For my second question, I decided to go easy on ChatGPT and ask it a simple, factual question based on readily available information: “What albums did Wayne Shorter appear on as a sideman. Although I can name about 20 of them off the top of my head, ChatGPT only managed to list 7 albums. Furthermore, one of these albums, The Real McCoy, is incorrect since Joe Henderson played tenor sax on that album, not Shorter.
For my 3rd question, I followed up by getting very specific: “List ALL of the albums that Wayne Shorter appeared on as a sideman.” Instead of providing a complete list, ChatGPT responded with a list of only 17 albums, although it did note that “This is a partial list.”
For my final question, I wanted to see if ChatGPT could assimilate information from various sources and formulate an answer based on a syntheses of facts, much like we humans do when seeking to understand a given topic. I asked it, “Why do jazz musicians play Autumn Leaves in the key of E minor?” The real answer to this question is fascinating, because for over a decade, jazz musicians generally didn’t play the tune in E minor, preferring G minor because Miles Davis had recorded it in that key with Cannonball Adderley in 1961. It wasn’t until the early 1970s that some jazz musicians began playing Autumn Leaves in E minor. This was because the popular fake book The Real Book put the tune in E minor, presumably because they had a copy of the original sheet music which is in that key.
ChatGPT’s answer to this question was ludicrous. It began by explaining that jazz musicians play Autumn Leaves in E minor because the original sheet music is in G major, and E minor is the relative minor of G major. The answer ins to sound like a university music student making up stuff in a vain attempt to answer a difficult test question. ChatGPT explained to me that the key of E minor is particularly good for this tune because a lot of chord substitutions are possible in his key, such as substituting F#m7(b5)/B7/Em for Am7/D7/Gmaj7. Anyone familiar with how these chord sequences are used in Autumn Leaves will instantly know that one is not a substitution for the other. Chat GPT made up other substitutions that are good in E minor, without noting the fact that all chord substitutions are equally good in all keys, not just one key such as E minor.
There we have it; four questions and four wrong, incomplete, or misleading answers.
What can we learn from this experiment? First, ChatGPT cannot be relied upon to provide accurate information. This is perhaps understandable since it’s in the beginning stages and yes, an improved version has already been developed. Yet despite this, we’ll see an increasing amount of blog posts, articles, and emails written using ChatGPT. Without proper proofreading by real people, this means that we’ll be fed more and more false information in the years ahead.
Secondly, I think we need to remember that a computer run with artificial intelligence cannot know if the information it spits out is accurate. It is merely passing along what it finds, albeit in new ways at times.

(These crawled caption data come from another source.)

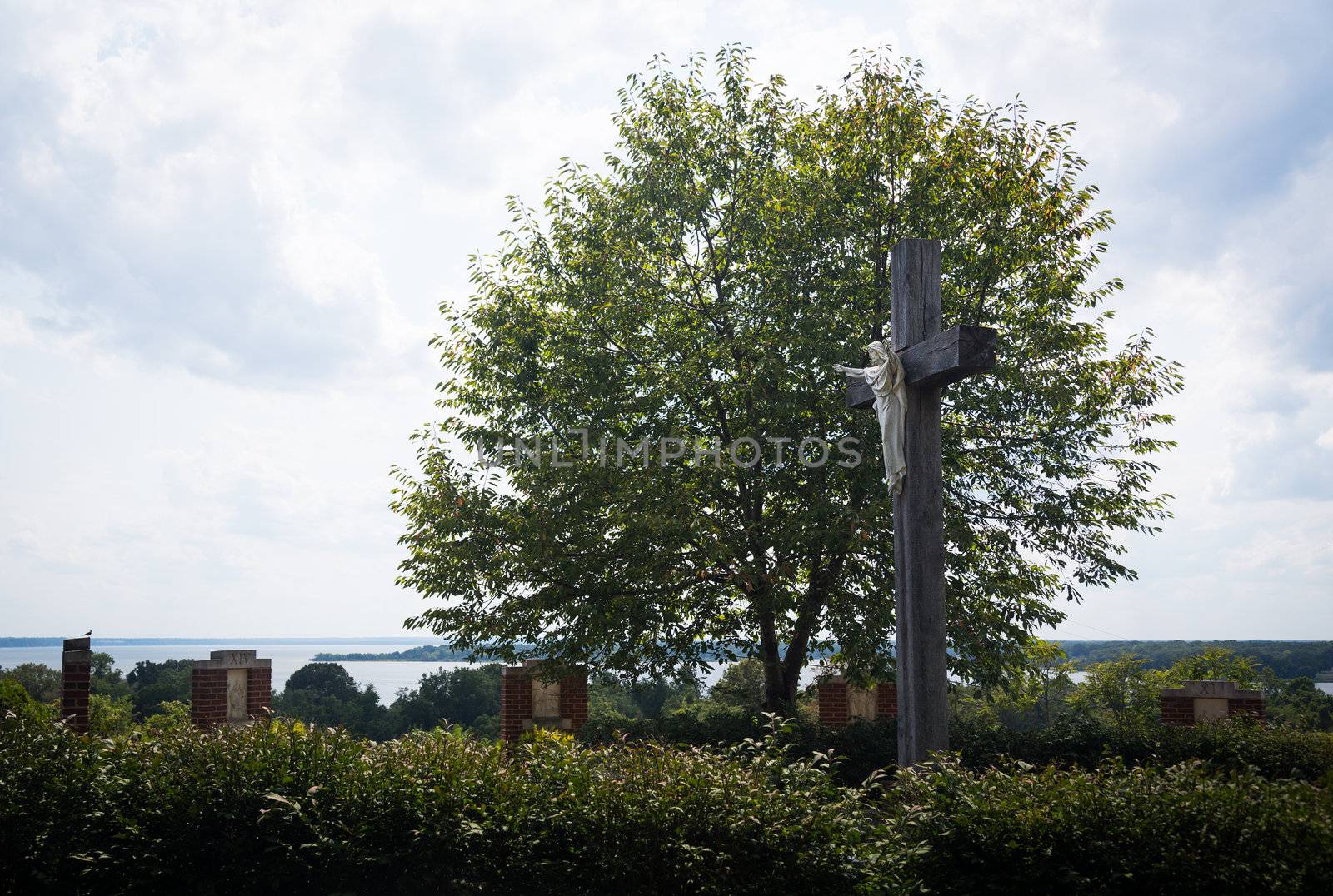 Statue of Christ being crucified on cross in stations of the cross overlooking estuary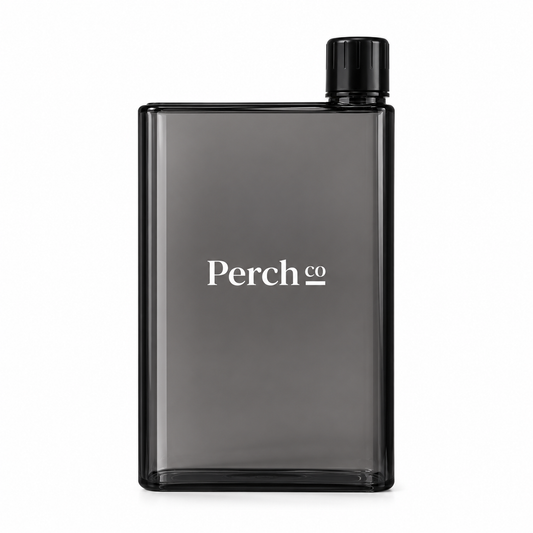 Perch Co branded A5 flat bottle in smoke grey with a black corner screw cap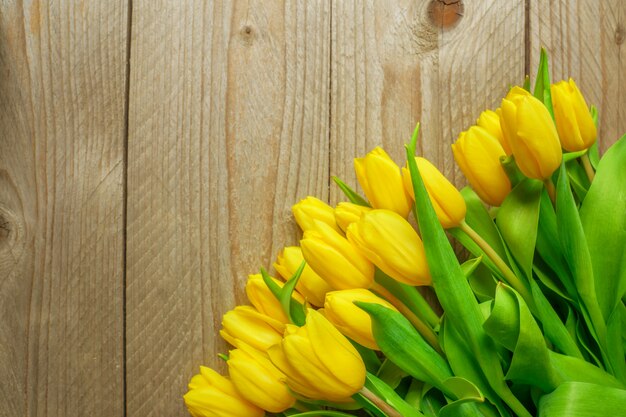 Bouquet de tulipes jaunes bloomig sur fond de bois. Place pour le texte, l'image noned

Thirdly, we cannot become lured into accepting faster and faster answers to our questions at the expense of accurate information. Yes, ChatGPT will give us a partial list of Wayne Shorter’s sideman appearances in a fraction of a second, but why not take a few minutes and search for a discography or two, and compare them?
And lastly, we’ll benefit by using the technology, instead of letting the technology make us lazy. Wanting to know to know who Charlie Parker’s favorite saxophonist was can lead us on a fun and educational journey of discover, by both studying his music and comparing it with that of his predecessors, as well as reading everything we can find about Parker, as I myself did when I made this surprising discovery about Chu Berry.
ChatGPT is here, whether we want it or not. Let’s find ways to use it for our benefit and development as musicians.
Enjoy the journey, and let the music flow!